Italy and France at Diplomatic War Over Continued Colonization of Africa

Italian Deputy Prime Minister, Luigi Di Maio

“We would be hypocrites if we just continued to talk about the effects without looking for the causes. If today we have people coming from Africa it’s because some European countries like France never stopped colonizing Africa in their heads,” Italian deputy prime minister Luigi Di Maio said. The Italian deputy prime minister has blamed France for the European migrant crisis, accusing it of impoverishing African nations with “colonialist” policies. He promised to take the issue to the EU and other international bodies.

“France is one of those countries that by printing money for 14 African states prevents their economic development and contributes to the fact that the refugees leave and then die in the sea or arrive on our coasts,” Di Maio told reporters. Di Maio was referring to the CFA franc — a currency used in 14 west and central African nations, which is tied to the euro at a fixed exchange rate, with the peg guaranteed by France.

Luigi Di Maio, leader of the anti-establishment Five Star Movement and Italy’s Deputy PM, launched a scathing attack on France, which he argued is to blame for the inherent causes of the ongoing migrant crisis at EU borders.

Di Maio was speaking at a rally on Sunday, when he touched on recent mass migrant drownings in the Mediterranean. It is believed that up to 170 migrants who left Libya and Morocco on ramshackle dinghies may have drowned in the sea last week. Three migrants were saved by the Italian Navy on Friday off the cost of Lampedusa.

The survivors said they were a part of a group of 120 people that sailed from Libya on Thursday. Their boat started to sink after they were at sea for about 10 hours. The victims, according to migrant organizations, include a two-month-old child and at least 10 women. Separately, another boat carrying 53 migrants capsized in the western Mediterranean, according to sole survivor of the incident.

The tragedies have reignited the debate on the hardline migration policy championed by Italy’s right-wing government.

The politician, who also serves as the minister of economic development, referred to the CFA franc, a currency which is used in 14 former French colonies in West and Central Africa. The currency is guaranteed by the French Treasury and has a fixed rate of exchange with the euro.
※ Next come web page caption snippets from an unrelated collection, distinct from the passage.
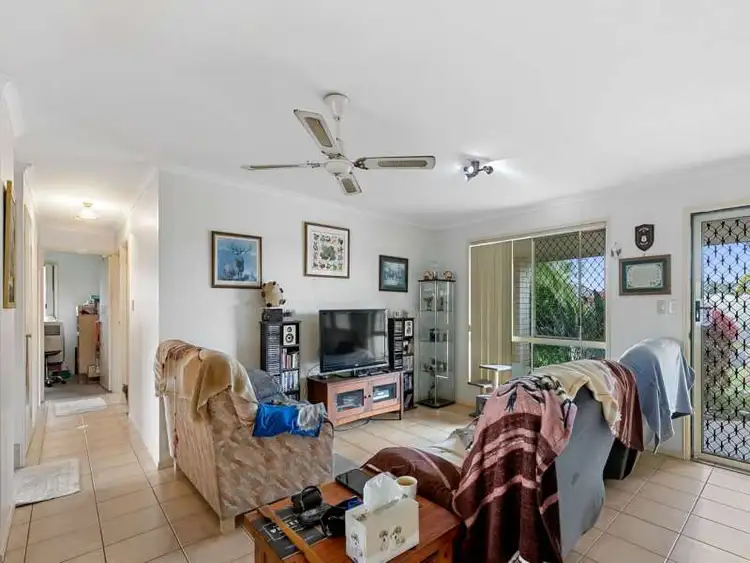 Sixth view of Homely house listing, 21 Hyperno Rd, Point Vernon QLD 4655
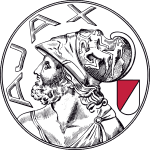 Logo van Ajax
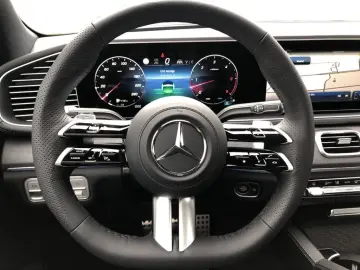 MERCEDES-BENZ GLS 350 d 4MATIC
While it is credited for providing African countries with financial stability, it has often been criticized as a relic of colonial times by proponents of Africa’s full independence from France. They argue that the CFA franc, created in 1945, impedes their economic development as they have no say in French or European monetary policy.

“There are dozens of African states in which France prints its own currency, the franc of the colonies, and with that, it finances the French public debt,” Di Maio said, adding that France should be subjected to sanctions by the EU, and potentially the UN, for “impoverishing those states and triggering those people.”

“The place of Africans is in Africa and not at the bottom of the sea,” he stated. Di Maio further argued that France would fall far back in the international economic rankings if not for its leverage over its former colonies.

“If France did not have the African colonies, which it is impoverishing, it would be the 15th international economic power and instead it is among the first for what it is doing in Africa,” he said. France is currently the world’s seventh-largest economy, according to World Bank data for 2017, and the third-biggest economy in Europe after Germany and the UK.

Di Maio said that his party would submit a proposal to parliament to punish France in the coming weeks.

Emmanuel Macron, President of France

In a swipe at French President Emmanuel Macron, Di Maio said that he should stop lecturing Italy on morals while his government continue to exploit African nations. Last summer, Macron chastized the Italian government for its refusal to pick up migrants stranded at sea, with his spokesman calling the policy “sickening” and “unacceptable.”

Italy brushed off the criticism, accusing the French government of hypocrisy. Relations between the French and Italian governments were already strained, with Di Maio – along with anti-immigrant Italian Interior Minister Matteo Salvini – voicing their support for Yellow Vest protests that have plagued Macron’s government since November.